1 comments

  • taxedo 4 hours ago
    I got tired of manually copying numbers from Form 16 PDFs into India’s tax filing portal every year. So I built *Form16x*, a Python CLI + library that turns these semi-structured PDFs into structured JSON.

    Beyond extraction, it can: - Consolidate multiple Form 16s (useful if you switched jobs in a year) - Calculate taxes under both regimes and recommend the better option - Show detailed salary and deduction breakdowns in the terminal (tree view, colored output) - Suggest tax optimizations (80C, 80D, NPS, etc.) with potential savings - Expose a Python API (`TaxCalculationAPI`) with multi-year tax rules (AY 2020–2025)

    *Repo:* https://github.com/ri-sh/Form16x

    ### Why I built it Form 16 is similar to a W-2 in the US or a T4 in Canada: a PDF tax certificate with inconsistent layouts across employers. Filing returns often means manually re-entering data, which is error-prone and time-consuming.

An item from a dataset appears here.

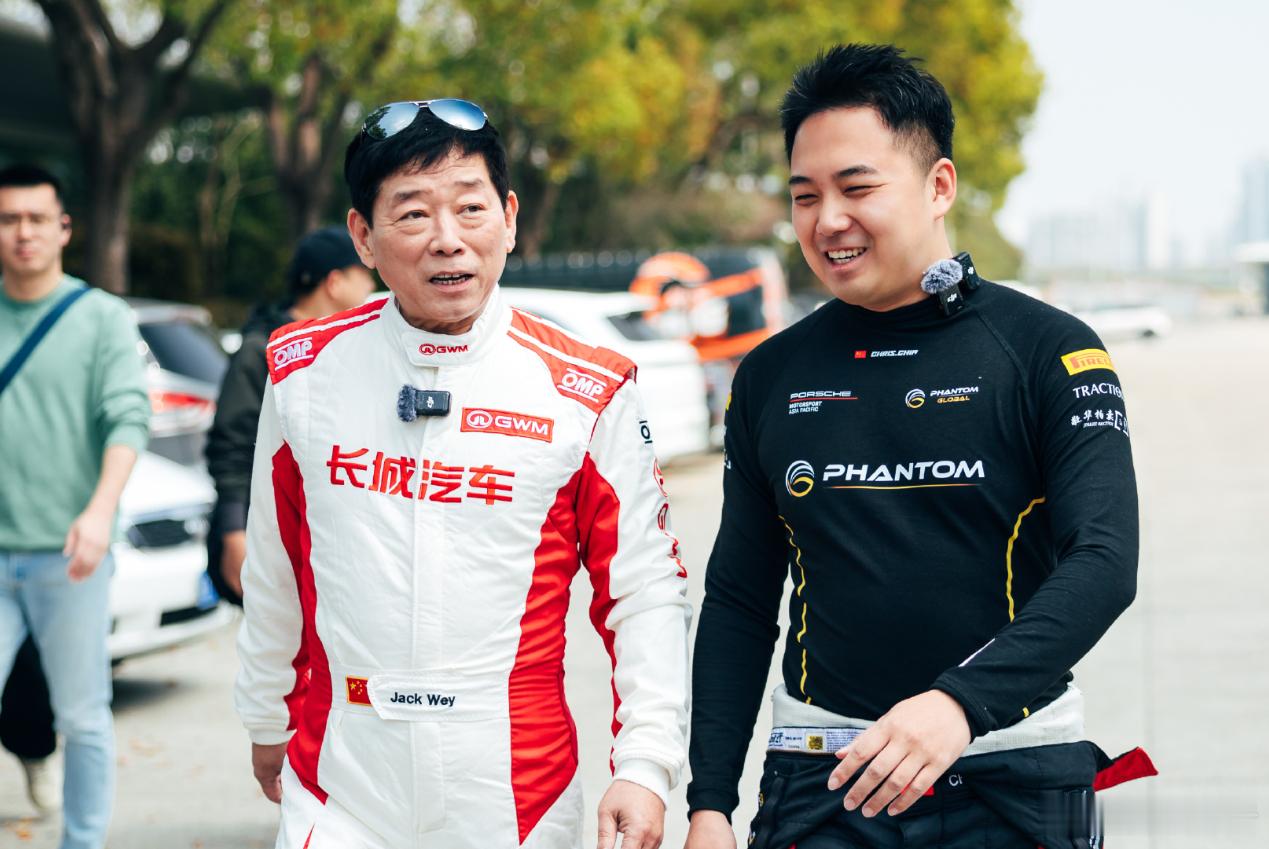 长城魏建军还是很敢说的，他坦言小字营销、定语技术这些在汽车行业是欺诈，这是对消费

    Form16x tries to solve this with: - PDF parsing using camelot/pdfplumber with fallback logic - Structured output aligned with the form fields - Local-only processing (no data leaves your machine) - CLI polish (progress bars, colored display, breakdown trees)

    Would love feedback from HN on both the technical side (PDF parsing + structured extraction) and whether this approach could extend to other countries’ tax forms.